Materials provided:
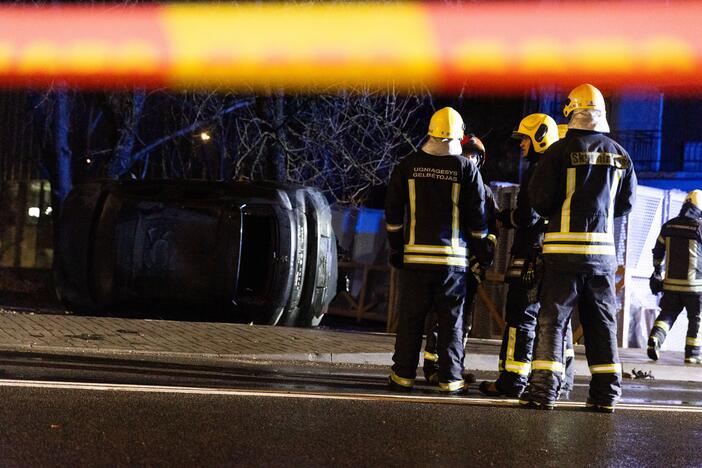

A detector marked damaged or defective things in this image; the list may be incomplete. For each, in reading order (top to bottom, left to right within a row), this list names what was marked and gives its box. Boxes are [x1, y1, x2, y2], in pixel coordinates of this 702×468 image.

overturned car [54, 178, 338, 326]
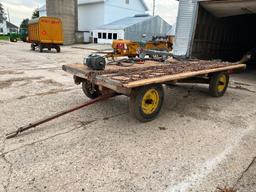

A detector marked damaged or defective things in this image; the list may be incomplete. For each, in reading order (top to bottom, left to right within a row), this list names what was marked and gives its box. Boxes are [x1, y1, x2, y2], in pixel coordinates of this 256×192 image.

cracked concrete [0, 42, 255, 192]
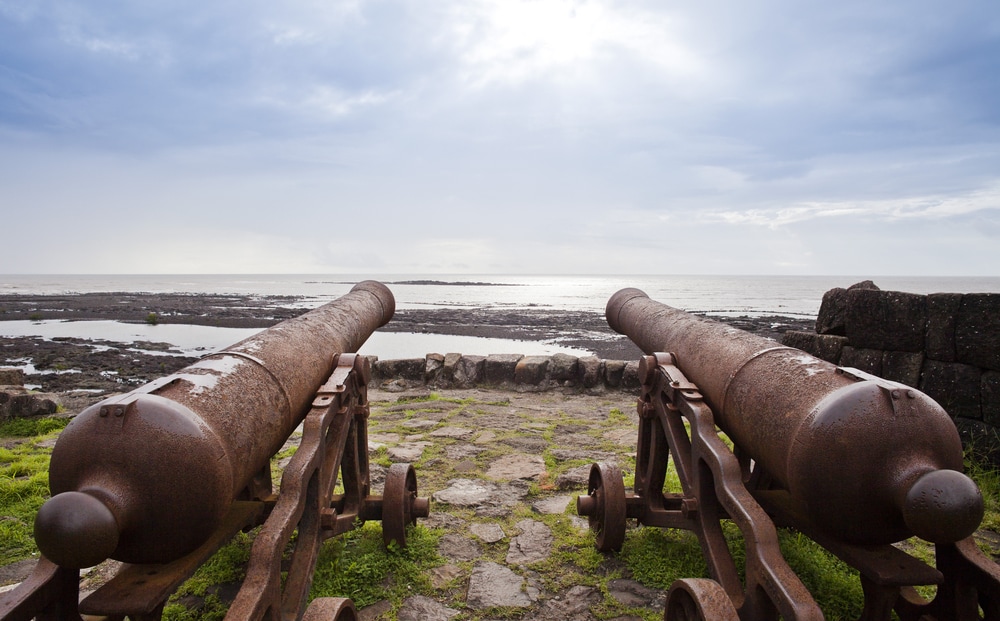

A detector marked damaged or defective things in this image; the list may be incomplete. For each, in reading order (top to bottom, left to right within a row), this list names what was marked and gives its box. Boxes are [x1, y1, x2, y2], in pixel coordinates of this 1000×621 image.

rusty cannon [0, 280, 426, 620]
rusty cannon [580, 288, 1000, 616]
==
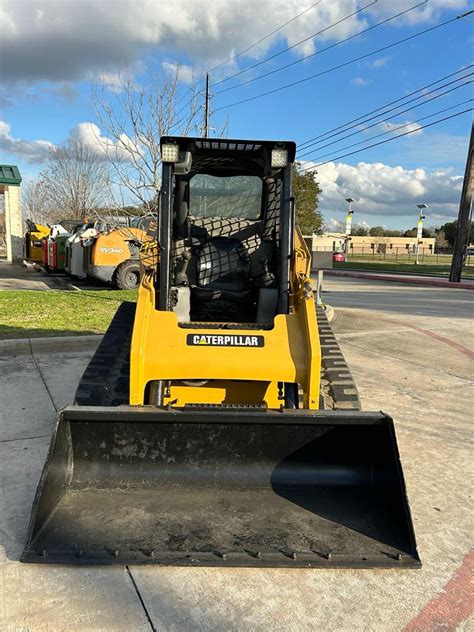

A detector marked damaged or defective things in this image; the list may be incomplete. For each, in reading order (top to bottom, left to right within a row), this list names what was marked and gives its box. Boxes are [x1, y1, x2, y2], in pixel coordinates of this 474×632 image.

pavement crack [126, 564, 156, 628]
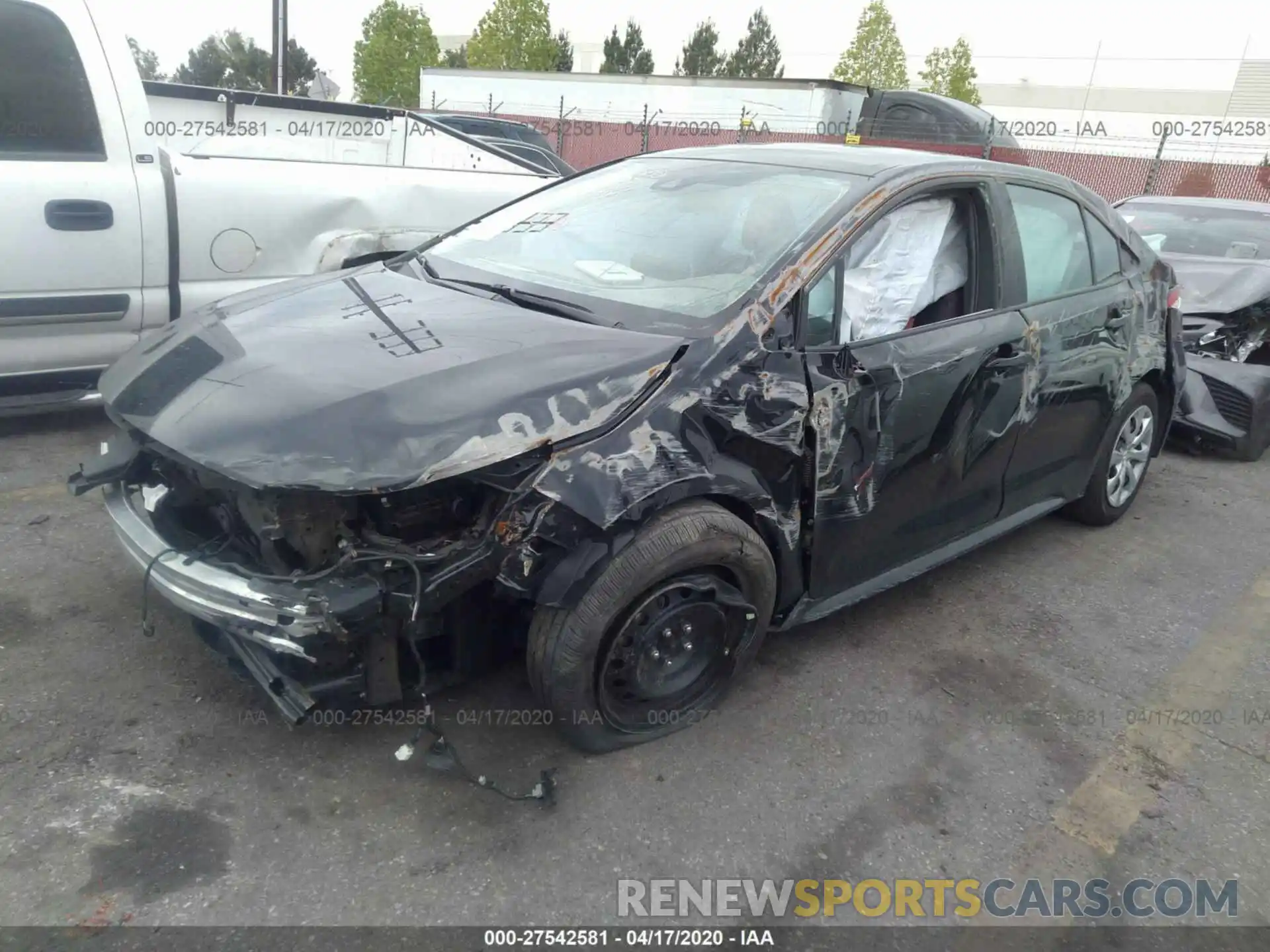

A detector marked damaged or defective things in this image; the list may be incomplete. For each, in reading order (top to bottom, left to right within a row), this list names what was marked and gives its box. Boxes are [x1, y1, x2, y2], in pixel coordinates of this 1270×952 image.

Work to be completed:
Go back to the lines above and output, exactly as they stand, the ones from the line containing "this 474×632 image." to the line containing "this 1270×952 image.". Leave all pictures behind.

Answer to this task:
A detector marked damaged or defective things in this image; the list may be incomplete. For each, in reading order (top to bottom, left to right within a row), this list names what was marked and gives its box. Boxes are [x1, y1, x2, y2], in pixel coordinates of this 474×632 image.

pavement crack [126, 564, 156, 628]

A detector marked damaged or defective things in this image; the list may be incomplete. For each, in reading order (top to bottom, left to right within a row), this list names what was marked and gives its box. Boxes are [x1, y1, x2, y2], in pixel coordinates of this 1270×952 image.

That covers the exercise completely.